The Dowling Studio is transformed into a ballroom with chandeliers. People dance on a blue carpet while a live band plays.

The Guthrie celebrated its 50th anniversary on June 22, 2013. Photo by Heidi Bohnenkamp.

Key moments in Guthrie history

  • March 1959

    Sir Tyrone Guthrie begins a series of conversations with his colleagues Oliver Rea and Peter Zeisler about starting a resident theater that would draw exceptional artists to perform the classics for audiences outside of New York City.

  • September 1959

    They introduce their idea in a small paragraph on the drama page of The New York Times that invites cities across the country to make their case for being the location of the new theater.

  • May 1960

    After visiting seven interested cities, Rea announces that Minneapolis/St.
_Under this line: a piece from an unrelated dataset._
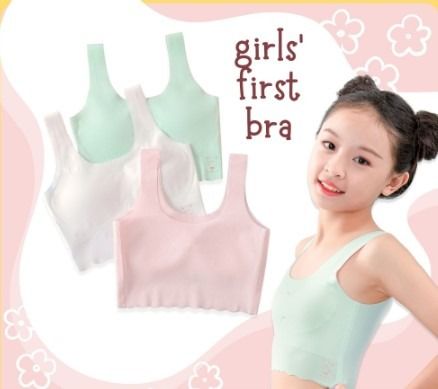 Girls Bra Underwear Wireless Seamless Hookless Teenager Primary School  Children Puberty Training Bras Innerwear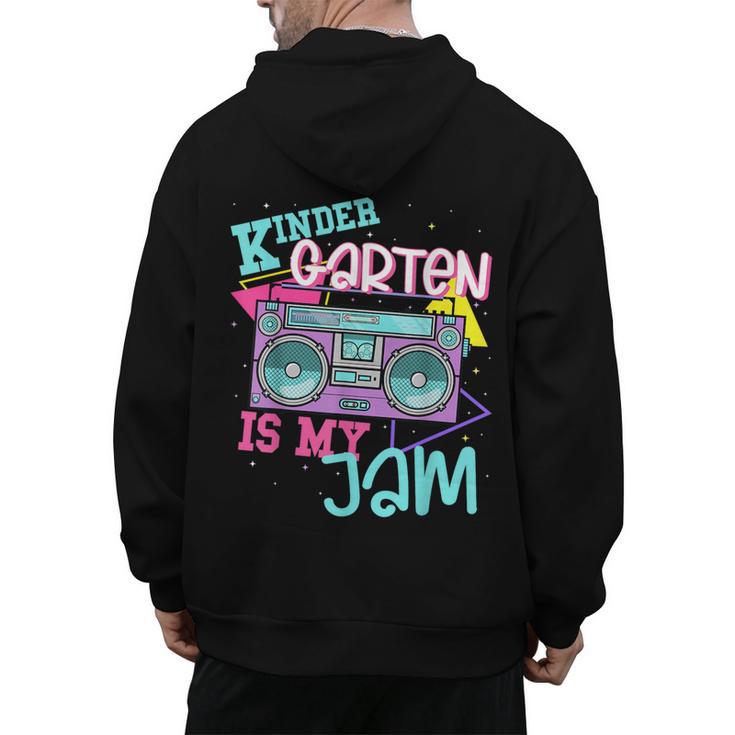 Kindergarten Is My Jam Cute Teacher Shirt 80's 90's Styl Men's Hoodie Back Print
Paul has been chosen.

  • May 7, 1963

    The theater opens as the Minnesota Theatre Company at the Tyrone Guthrie Theatre with a production of Hamlet, directed by founder Sir Tyrone Guthrie.

  • March 18, 1971

    While announcing the 1971‒1972 Season in the Minneapolis Tribune, newly appointed Artistic Director Michael Langham also declares a name change and new American spelling for the theater: “We are now the Guthrie Theater Company in the Guthrie Theater directed by the Guthrie Theater Foundation.”

  • 1975

    The Guthrie begins its annual tradition of presenting Charles Dickens’ A Christmas Carol during the holidays.

  • 1982

    The Guthrie receives a Tony Award for its outstanding contribution to the American theater.

  • 1988

    Former Artistic Director Garland Wright creates the Guthrie Lab in the Minneapolis Warehouse District to provide a space for developing new work.

  • March 28, 1999

    The Guthrie hosts its first Shakespeare Classic with a production of Julius Caesar. A passion project of then-employee Sheila Livingston, this special event introduces young people to the poetry and power of Shakespeare at reduced ticket prices.

  • September 2003

    Construction begins on our current facility, which was designed by award-winning French architect Jean Nouvel. 

  • May 7, 2006

    The original Guthrie on Vineland Place closes with a production of Hamlet directed by former Artistic Director Joe Dowling.

  • June 25, 2006

    The new Guthrie opens to the public.

  • June 2013

    The Guthrie turns 50 and celebrates its anniversary with a weekend of special events.

  • November 2018

    The Guthrie reports its highest ticket revenue in any given season bolstered by the blockbuster summer musical West Side Story, which played to 100% capacity. 

  • July 27, 2019

    Floyd’s, a Guthrie commission by Pulitzer Prize-winning playwright Lynn Nottage, makes its world premiere at the Guthrie and extends performances for one week due to popular demand. On November 23, 2021, Floyd’s (now titled Clyde’s) opened on Broadway to critical acclaim and continues to be produced at theaters across the country. 

  • March 3, 2020

    The Guthrie receives two major funding awards from the Minnesota State Arts Board and The Joyce Foundation to advance ongoing collaboration and art-making with the local Native community and to commission a new work by Indigenous Direction that centers Twin Cities Native stories.

  • December 19, 2020

    In the midst of the COVID-19 pandemic that shuttered theaters worldwide, the Guthrie partners with Freestyle Films to create Dickens’ Holiday Classic, a virtual telling of A Christmas Carol that is watched by nearly 15,000 households and an estimated 150,000 K–12 students.

  • September 30, 2021

    The Guthrie resumes onstage performances after more than a year of dark stages due to the COVID-19 pandemic with a national tour presentation of What the Constitution Means to Me.

  • May 7, 2023

    The Guthrie turns 60 and celebrates its anniversary with an open house for the community.